No one sets out to have a problem with alcohol. But too many are seduced by her quiet lies. “I’ll give you a good time.” “Come and forget your past.” “If you feel weak, I’ll make you strong.” These fibs pale if you have ever heard her most treacherous lie: “If you love me, I’ll love you, too.” For if you love her too dearly, she’ll fuck you over.
Real life is complex, but a simple solution is found in a $10 bottle of Daniels. It’s a bargain for a night, until the bill is served the next morning.
Denial sooths the soul while it clouds the vision. I don’t have a problem because I drink only at night. I go to work everyday, and I don’t even get drunk all the time. Trouble isn’t poured each time I open a bottle.

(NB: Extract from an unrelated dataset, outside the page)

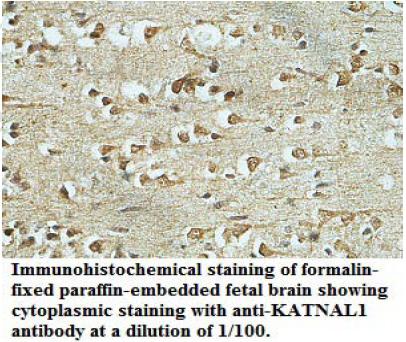 Anti-KATNAL1 Antibody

An aspirin for an aching heart; a silencer of stress. She whispers lies, and lies in wait for you to swallow her untruths.
Long after awareness by your loved ones, when you, too, know you drink too much, then you, too, begin to lie. See, I went a whole week without drinking; I don’t have a problem. I can drink again, but I’ll just cut back.
We’re with friends, so it’s not drinking alone. One beer and then two. Followed by a strong double on the rocks. Then a need. An overpowering need screaming from bottom of the soul, a need for another drink. There’s a 7-11; stop the taxi comes the plea, but today you’re strong and you go home to sleep. Still, two days later, it’s another beer, but just one this time, so you’re all right. Denial is no longer your friend.
Four months, my counselor suggests. A few blinks and a quick check of my ears to ensure I didn’t mishear. Four months with zero drinks, a 100% reduction. Denial wants to lie again, but the brain and more importantly, the heart, know that this is the only way.
The first few days are the roughest. You see her everywhere, her alluring look and the false promises of fun. The decision is firm and I walk by without stopping.
It’s been eight days now. The temptation weakens, but care is paramount to not be seduced again. If I can ever drink again, it will be that (1) I can stop drinking when I want, each and every time and (2) I never, ever lose control.
I’ll see again in the New Year, but that is too far to think of now. Tomorrow is a different day. For today, just today, I’ll go to bed with nothing but blood flowing in my body.